The Light and Dark Side of Archaeology



Michigan is one of those places; people don’t think of it as a place to vacation, they don’t even really think about it. This is because Michigan is not an easy place, she does not give up her gems to the unworthy. She will test you, bend you and break you before she reveals her mysteries. This summer we have been tested, bent and broken in numerous ways. We’ve been forced to hack through roots, wait out storms and survive the elements.  We’ve proven worthy and we’ve barely scratched the surface of what she holds. This summer we have gathered a vast amount of data from Fort St. Joseph, we have compiled a million theories and the only thing to do is to pack up, go back to campus and barricade ourselves in the lab. Looking back this summer has been crazy.

I tore through a root, it was dirty sweat breaking hard work but I stuck with it. I hardly ever turn down a challenge and I hacked and troweled and still came up with nothing I would get excited and have the hope torn away by a cold analytical eye that looked logically at the unit and saw that nothing was there. The time dragged by and I found nothing, I came up with nothing. When I found a wooden beam, today when we backfilled in on that beam without taking a sample (other than the previously taken) I felt a part of me cry out in horror knowing that once the matrix around the beam was disturbed it would never survive. Organic matter is very particular thing to preserve which makes it very hard, very expensive and very time consuming. If it was extracted and not preserved it would turn to dust in a box but left in the ground disturbed as it was it will do the same thing and in a year may not even be there. Though I will hope for the best and that Michigan will preserve the jewel she let us unearth this summer and made this experience well worth it.  
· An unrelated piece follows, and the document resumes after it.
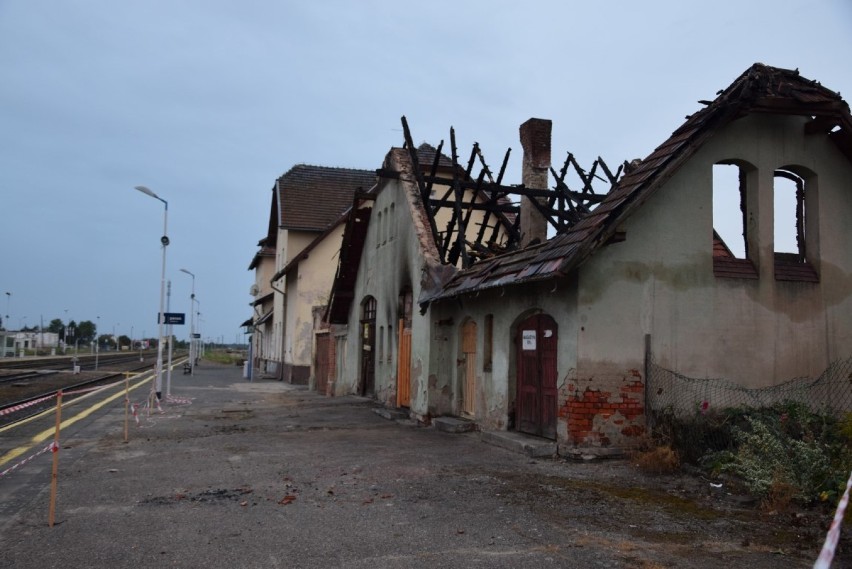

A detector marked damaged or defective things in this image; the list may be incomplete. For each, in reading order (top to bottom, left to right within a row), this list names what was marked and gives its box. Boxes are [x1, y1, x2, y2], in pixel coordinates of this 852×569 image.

broken window [712, 161, 760, 278]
Archeology is wonderful and horrible study; we actively destroy everything we touch as we excavate. Yes we come out with amazing artifact that look gorgeous in a display case but those artifacts themselves cannot tell us what we want to know. Those artifacts cannot tell us what would it have looked like to the European settlers coming to this wild and untamed beautiful land? What did they see that we will never understand? In the past few weeks we have made astounding steps to revealing the life of these settlers through the association of artifacts. We’ve found their shoe buckles, their homes, their hearths but what did they see that they didn’t bother to write down?  Fort St. Joseph is not well document; we don’t know what it looks like, where things were or really who lived there. What would this place have looked like? We don’t know, we have complied a picture in our minds of a series of structures possibly homes lined up along the river. We’ve found the hearths we found two walls and a wooden beam but we still have a lot to do.

The voyager of Fort St. Joseph
See you 2015, ready and rearing to discover more of Michigan’s Jewel.

-Hayden


1 comment:

Anonymous said...

Thanks to all the students and staff for allowing the public to share in your excitement of the dig as you uncovered more information about the precious Fort St. Joseph. We look forward to more posts as you analyze the artifacts that will tell more of the story.